Applicants who take and pass both the OCVT during the day and the color vision MFT will be given a letter of evidence (LOE) valid for all classes of medical certificates and will have no limitation or comment made on the certificate regarding color vision as they meet the standard for all classes. Applicants who take and pass only the OCVT during the day will be given an LOE valid only for third-class medical certificate.
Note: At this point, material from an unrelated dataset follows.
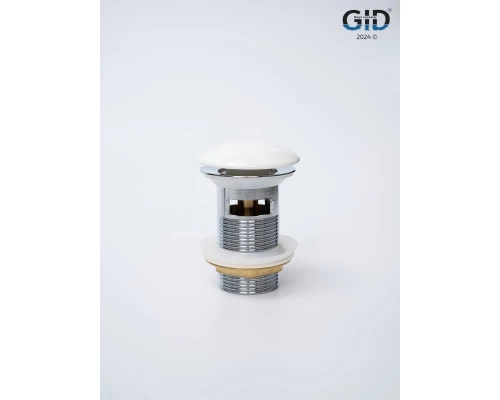 Донный клапан Gid с переливом Wh100-1 71102K белый 7x7x10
An applicant who fails the SLT portion of the OCVT during daylight hours may repeat the test at night. Should the airman pass the SLT at night, the restriction

NOT VALID FOR FLIGHT DURING DAYLIGHT HOURS BY COLOR SIGNAL CONTROL

will be placed on the replacement medical certificate. The airman must have taken the daylight hours test first and failed prior to taking the night test.